They go to Tansy Patch, where Teddy lives, and the three children immediately become friends. Ilse tells Emily that Teddy’s mother is strange; she never leaves the house and people rarely visit them. Emily especially enjoys sitting on the porch with them in the evening, singing, reciting poetry, and watching Teddy’s cats play in the garden. Teddy is also a talented artist, and he would sometimes draw pictures for them. Emily senses that Ilse wants Teddy to like her best, but it seems that he favors Emily.


Emily writes to her father about her new friendships with Ilse and Teddy, telling him that Aunt Elizabeth doesn’t really approve of her friendship with Teddy, but she lets her visit him anyway because Dr. Burnley recommended it. Her aunts do approve of her friendship with Ilse, and Emily muses that Dr. Burnley seems to have a strange influence over her aunts. She also tells her father about writing poetry, various interactions with neighbors, and Ilse’s housekeeper, Mrs. Simms, who tries to care for her but is often on the receiving end of her temper tantrums.

Chapters 7-12 Analysis

In this section, Montgomery employs a new device that allows her to quickly summarize some of the smaller events in Emily’s world and inject humorous irony into the narrative. Emily’s letters to her father play an important role in how readers understand the things happening to her and how she feels about them. She tells her father everything, but, as a 12-year-old girl whose aunts are very concerned with propriety, she doesn’t understand everything she sees and hears. Some examples of confusing dynamics are the relationships between Dr. Burnley and his daughter and the one between Teddy and his mother. Emily gives her father enough information in the letters for readers to make their own inferences about these complicated relationships.


As the novel progresses, the narrator becomes more and more an entity with her own perspective on the characters and events. The narrative point of view is third person. However, rather than staying closer to the interior thoughts of the main character, this narrator moves through the minds of several characters in a way that adds more irony and humor to the story, making the narrator more omniscient than limited to just Emily’s point of view. There are other moments when the narrator speaks in first person as if she is another character who intimately knows everyone in Blair Water. For example, when Emily and Ilse get into their first argument, the narrator comments, “They were both so pretty in their fury it was almost a pity they couldn’t have been angry all the time” (118.) While these techniques are not exactly “free indirect discourse”—a technique the author Jane Austen is well-known for—the sly wit Montgomery achieves with this style is reminiscent of Austen’s. Austen and Montgomery were writing contemporaneously; in fact, Austen published all of her novels in the years between Montgomery’s releases of Anne of Green Gables and Emily of New Moon. While the ironic tone of the narrator is present in the Anne books, Montgomery’s use of this narrative technique in Emily of New Moon might have been influenced by Austen’s writing style, to which she would have had access while writing.

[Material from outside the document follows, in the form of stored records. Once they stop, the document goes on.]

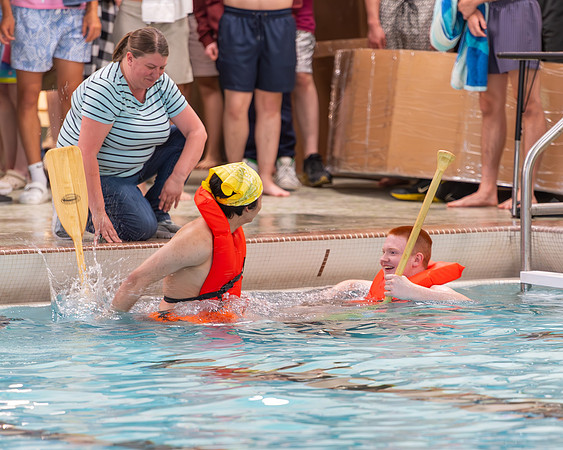 2026 Physics Boat Regatta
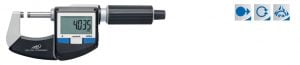 Micrometru digital  0 - 100 mm - Helios Preisser Model 1866i wireless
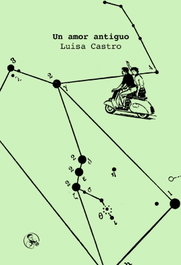 Un amor antiguo, Luisa Castro - LA UÑA ROTA
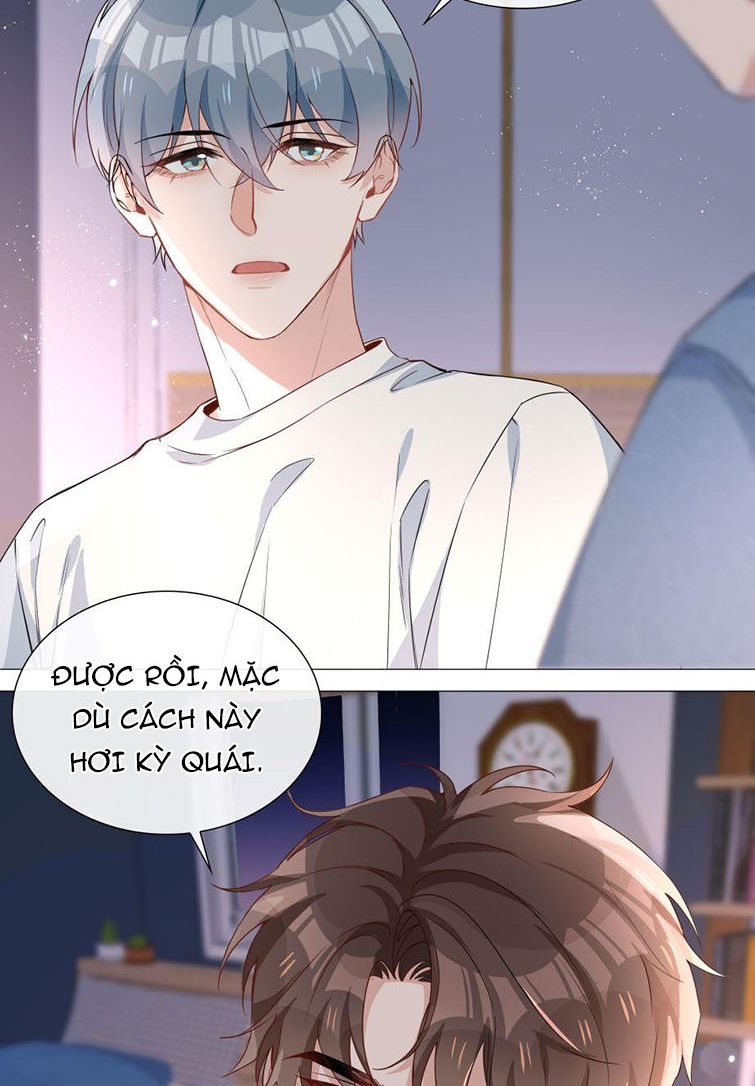 Sơn Hải Cao Trung Chap 10 - Next Chap 11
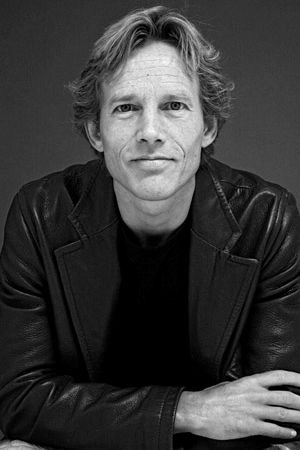 et billede af Erik Koningsberger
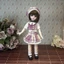 THEGIRL8B Có Thể Tháo Rời Khớp Búp Bê, Với Quần Áo 1 / 6 BJD 30cm Búp Bê BJD, Búp Bê Bản Lề Mắt 3D Khớp Có Thể Tháo Rời Dễ Thương 1 / 6 Búp Bê Bjd Đồ Chơi Trẻ Em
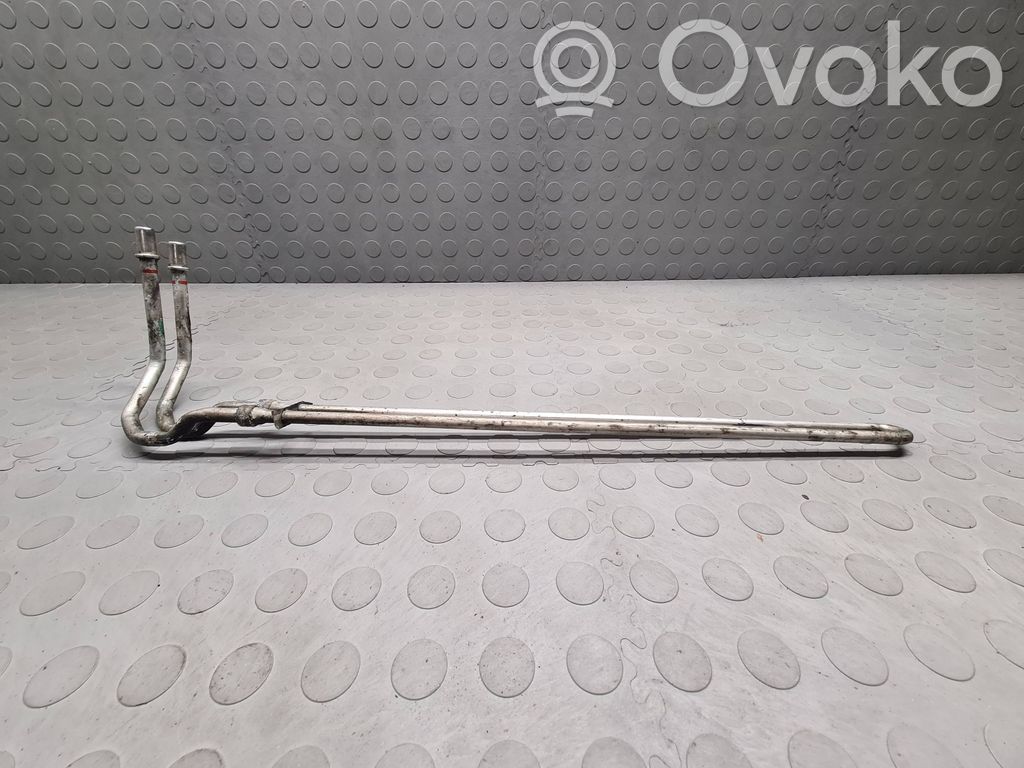 BMW 5 E60 E61 Gearbox oil cooler pipe/hose 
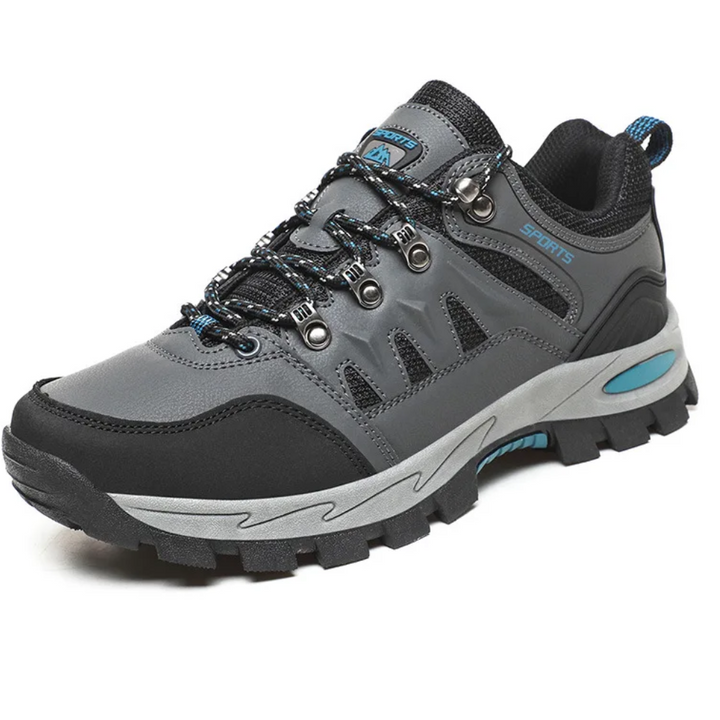 W&W Mode | Outdoor Wanderschuhe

The Importance of Friendships is especially evident in this section because Emily goes through the painful process of starting school without any friends, being teased, and then gradually making friends. Later, she learns that her new best friend, Rhoda, is not as sweet and genuine as she thought she was. She finally learns what real friendship can be when she meets Ilse and Teddy; up until now, she has never had real friends her own age, and she learns what a joy it is to play and grow with them while also navigating new dynamics, such as petty arguments and jealousy, that she never experienced with her father, cats, or imaginary friends.


The idea of religion—tangential to the theme of The Nature of God—comes up several times throughout this section as Emily learns more about her neighbors and who she should and shouldn’t associate with. Though Dr. Burnley is a well-known atheist, Aunt Laura and Aunt Elizabeth still allow Emily to play with Ilse, which seems out of character. They also allow her to visit Lofty John, a Catholic, whom Ilse says would “burn them at the stake if he had the power,” to which he jokingly responds, “Oh, we wouldn’t burn nice pretty little Protestants like you. Only the ugly ones” (130). Ilse and John’s comments—even in jest—show how people have different views about God’s nature. Though Emily’s aunts are devout Christians and strict rule-followers, in these cases, they are willing to overlook the religious labels on their neighbors because they know them as fundamentally good individuals with complicated lives that have shaped their beliefs and values.


Emily’s need for Creativity and Self-Expression is demonstrated when she begs to scrap paper in the form of old bank statements so she can resume her writing. Beyond serving the narrative purpose of summarizing incidents over time, the act of letter writing is how Emily processes her feelings and gets clarity on her situation. The self-expression of letter writing makes her feel connected to her father and provides a catharsis for the young lady experiencing many new relationships and adjusting to her life at New Moon.